Absinthe was their muse, their creative rocket fuel, but the fabled “fee verte” (green fairy), which they venerated in painting and prose, was also their ruin. That was the theory, at least, when France banned the green-tinted liquor during World War 1, claiming it drove drinkers insane.
A century later, absinthe’s reputation has been rehabilitated, and drinkers are once again coming under its seductive spell.
“We are progressing slowly, but we are progressing,” says Francois Guy, an absinthe distiller whose output has increased exponentially over the past decade, shooting up from 7,200 litres (7,600 quarts) in 2001 to 30,000 litres (31,700 quarts) last year.
Since France lifted the ban on selling and drinking absinthe in 1988, Guy has been hard at work to help the spirit shed its dark — and, as it turns out, inaccurate — image.

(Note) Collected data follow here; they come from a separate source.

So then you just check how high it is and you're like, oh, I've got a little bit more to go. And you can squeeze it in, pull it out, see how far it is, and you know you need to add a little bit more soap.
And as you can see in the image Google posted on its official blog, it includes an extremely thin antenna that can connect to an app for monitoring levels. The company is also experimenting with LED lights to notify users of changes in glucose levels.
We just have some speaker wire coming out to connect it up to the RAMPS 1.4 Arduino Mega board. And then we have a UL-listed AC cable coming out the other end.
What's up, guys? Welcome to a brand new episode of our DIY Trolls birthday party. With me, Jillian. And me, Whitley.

But the misconceptions about the legendary beverage, which still inspire suspicion and fear in many drinkers, are tenacious.
– ‘The forbidden drink’ –
AFP / Sebastien Bozon
An employee of Armand Guy’s fills a barrel with plants alcohol at the distillery in Pontarlier
“Absinthe remains the forbidden drink that drives people crazy — there will always be that mysterious aura around it,” said Fabrice Herard, organiser of the Absinthiades events that showcase the liquor in Pontarlier, its historical French home near border with Switzerland.
Switzerland is where the drink, which is made from artemisia absinthium, commonly known as wormwood, and anise, originated in the 18th century.

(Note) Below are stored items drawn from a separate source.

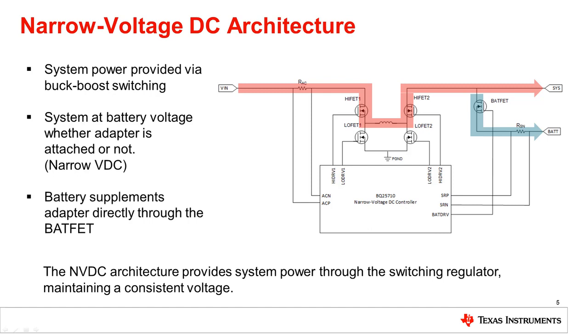Looking at the BQ25710 charging controller, unlike the BQ24800 hybrid boost architecture, adapter power is provided to the system through the switching regulator. The switching regulator converts the adapter voltage before it reaches the system, constraining the system voltage range between the battery depletion level and the fully charged battery level — this is what gives the NVDC architecture its name. Using our example with the 20-volt adapter and a 2S battery, the BQ25710 would regulate Sys to a minimum of 7 volts and up to about 8.4 volts when fully charged. This narrow range simplifies downstream design and allows lower-voltage-rated components for cost savings.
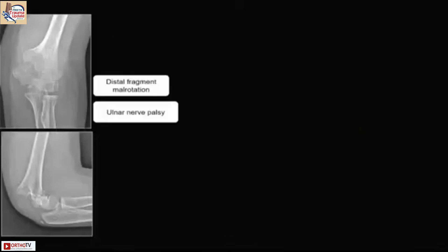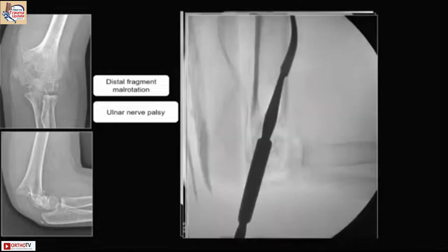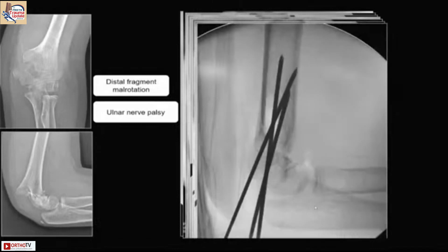Here is an example: the distal fragment was mal-rotated and there was ulnar nerve palsy. I attempted all closed reduction techniques but nothing worked, so I had to open it. You can see the arthrogram. After open reduction it was pinned, and that is the end result.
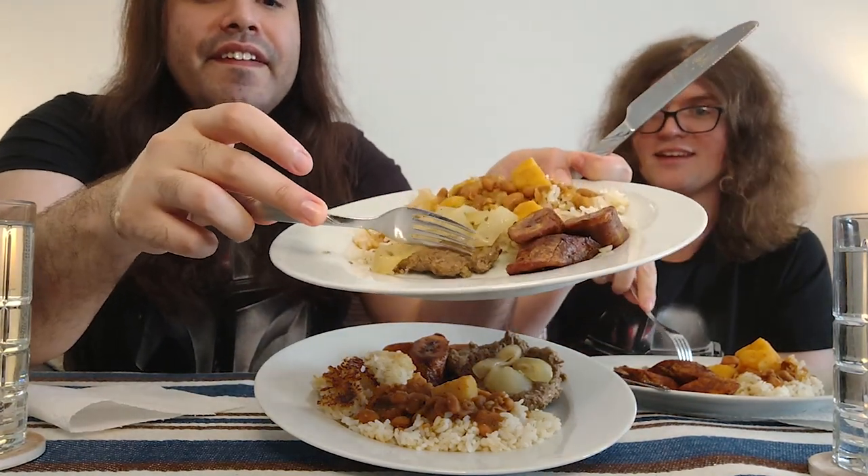The interesting thing about this too is that since it's a cube steak it's already tenderized on top of being marinated in vinegar, so it just falls apart literally — it's like butter.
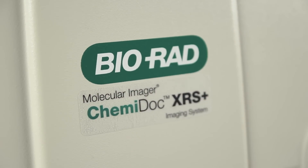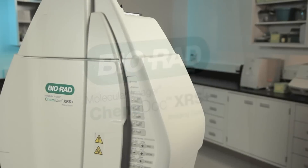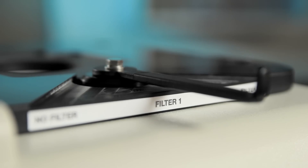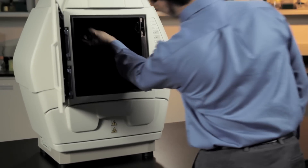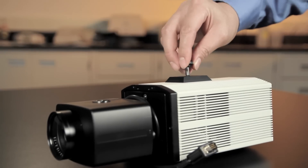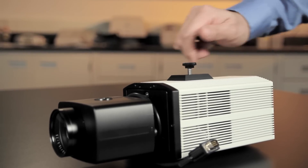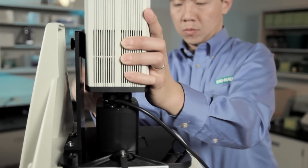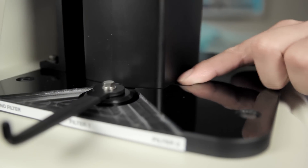Then place the ChemiDoc sticker on the door. To install the filter, move the filter slider to position one. Take the standard filter and screw it into the filter holder below the circular opening in the hood. Install the mounting screw for the camera and slide the camera into the camera mount. Ensure the black camera lens is fully seated on the gasket.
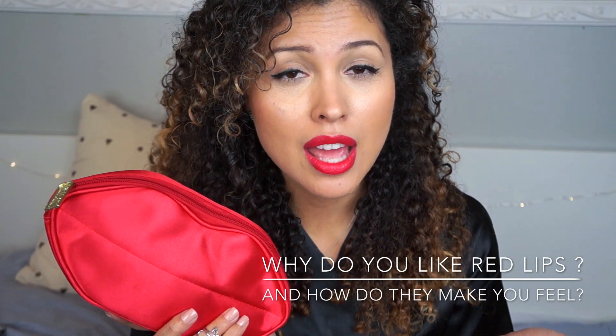In order to win this bag, there are two things that you have to do. Number 1 is to be a subscriber on my channel — if you're not, make sure to click that subscribe button. Number 2 is you have to answer the question: Why do you like red lips, and how do they make you feel? Make sure to comment down below. International giveaway for 18 and up — if you are not, make sure you get approval by a parent. I'm going to pick one winner using random.org and will be sending this to you personally.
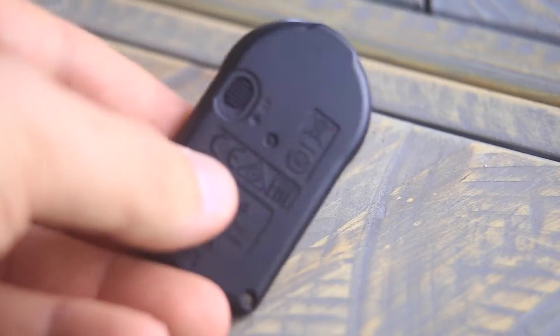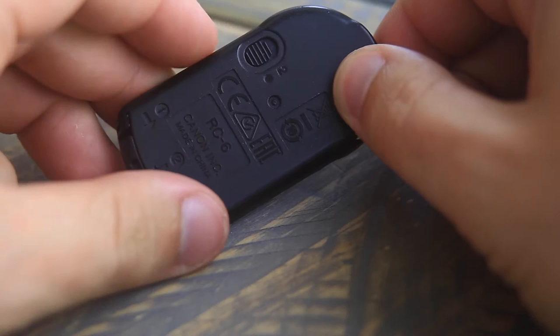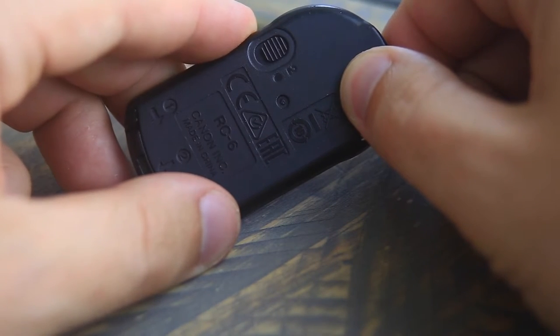If you're doing stills, there's a little option on the back where you can either put it on the dot or put it to the number 2. If you're on the dot, that will take an instant photo with the remote. If you put it on the number 2, that will activate the 2-second timer as well.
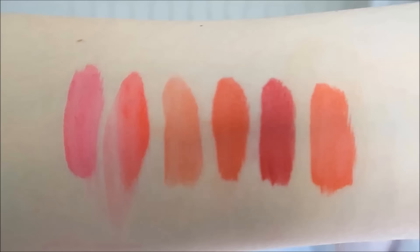The lip tints dry down very matte and they are smudge proof on me, however if I eat oily foods or anything like that they will no longer be smudge proof.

But it was in late 19th century Belle Epoque Paris that absinthe had its heyday, becoming the favourite refreshment of Vincent Van Gogh and Henri de Toulouse-Lautrec and a string of scribes, including poets Charles Baudelaire and Paul Verlaine.

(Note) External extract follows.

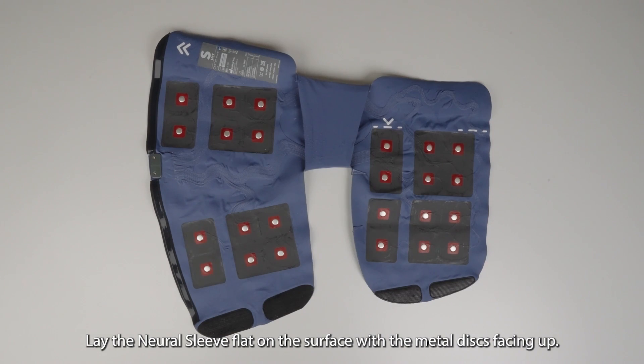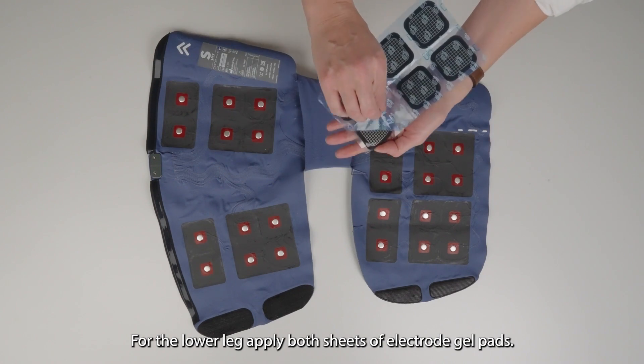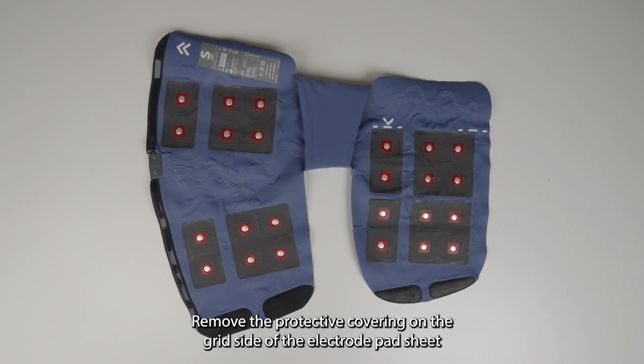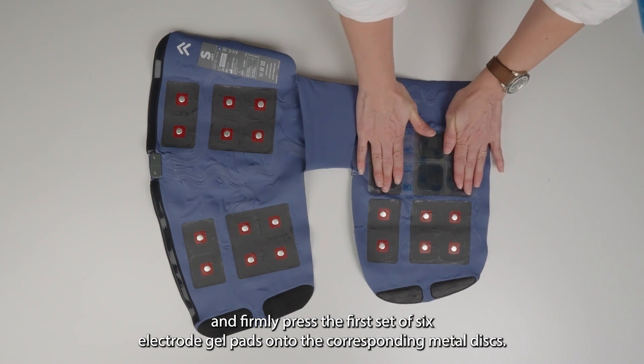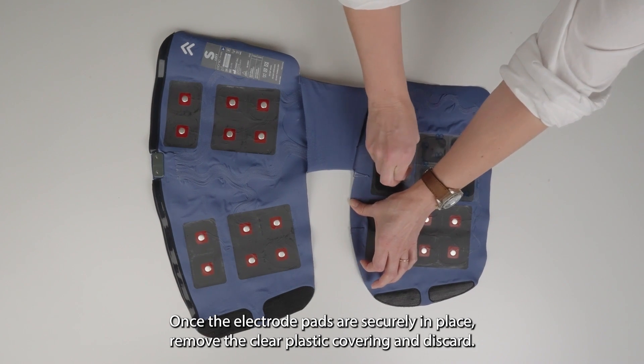Lay the Neural Sleeve flat on a surface with the metal discs facing up. For the lower leg, apply both sheets of electrode gel pads. Remove the plastic film on the grid side of the electrode pad sheet and firmly place the first set of six electrode gel pads onto the corresponding metal discs. Once the electrode pads are securely in place, remove the clear plastic covering and discard.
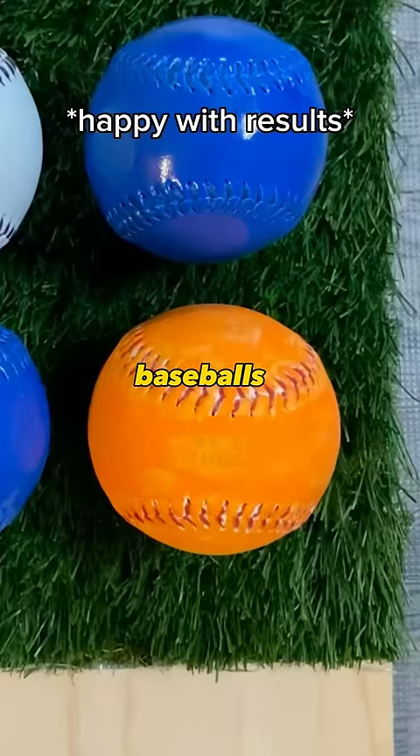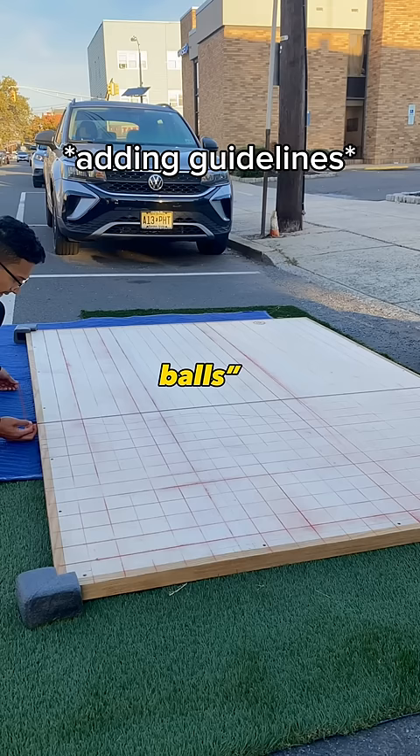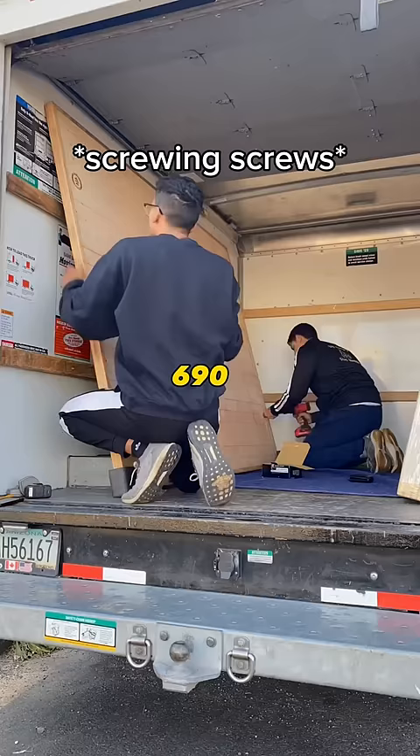So I thought, hey, you guys have a lot of baseballs and I could probably make something cool if you sent me enough balls. Little did I know that they would actually send me 690 baseballs and expected me to make a massive mosaic out of it.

But the ravaging mental effects it had on many addicted drinkers — described in detail in French writer Emile Zola’s “L’Assommoir” — led France to prohibit the alcohol in 1915.
Authorities explained the prohibition with evidence linking the thujone chemical in absinthe to the insanity suffered by many of its consumers, who gained notoriety for being the most hopeless and unruly of alcoholics.
In pinning the mind-blowing effects of absinthe on thujone, however, they breezily discounted the potency of its 45 -72 alcohol degree content.
“Absinthe drove people crazy because they drank too much of it, at too high alcohol strengths,” Guy, whose eponymous family distillery was found in Pontarlier by his grandfather in 1890, said.
AFP / Sebastien Bozon
An Employee of Armand Guy’s checks the plant alcohol level at the distillery in Pontarlier
The banning of the spirit in France and several other countries caused economic calamity in Pontarlier.
In the 1900s, Pontarlier had 23 distilleries, which produced 10 million litres of absinthe for domestic and export markets and employed 3,000 people.
“Back then, 80 percent of activity here depended on absinthe production, and practically no-one managed to transition into other activities,” Guy said.
– ‘Through the roof’ –
It took over 70 years for the authorities to review their verdict on absinthe. When they eventually lifted the prohibition in 1988, they set out several conditions.
The drink could not be called absinthe. It had to be marketed as “a spirit made from extracts of the absinthe plant”. And its thujone level could not exceed 35 milligrammes per litre.
The first products matching those specifications began appearing in France in 1999. Use of the absinthe name was eventually authorised in 2011.
AFP / Sebastien Bozon
An employee packs boottles of “pontarlier” at the Armand Guy distillery in Pontarlier
France now has around 15 distilleries producing 800,000 litres of the green spirit each year, according to he French Federation of Spirits Makers.
Guy’s distillery supplies around 20 restaurants and speciality bars in Paris, where absinthe is popular among affluent customers, drawn by its artistic, bohemian aura.
The ritual involved in serving the drink is an integral part of its appeal.
Drops of water are slowly poured over a cube of sugar suspended in the mouth of the glass, and drip down into the increasingly cloudy pool of liquor in the bottom.
“Absinthe is doing a brisk trade in my place. There are lots of tourists — lots of Americans, Canadians, even Brazilians who come here to drink absinthe,” says Mickey, the manager of Cantada II, a Parisian rock bar.
The drink is also winning fans in other European capitals.
“I’m selling more and more absinthe — it’s going through the roof!” says Martial Philipi, owner of the Absinth Depot in Berlin.
A die-hard fan of the drink, Philipi sells over 300 varieties of absinthe. He suspects some of the spirit’s popularity stems from its once taboo status, which “attracts and fascinates people of all social levels and backgrounds — just as it did 100 years ago.”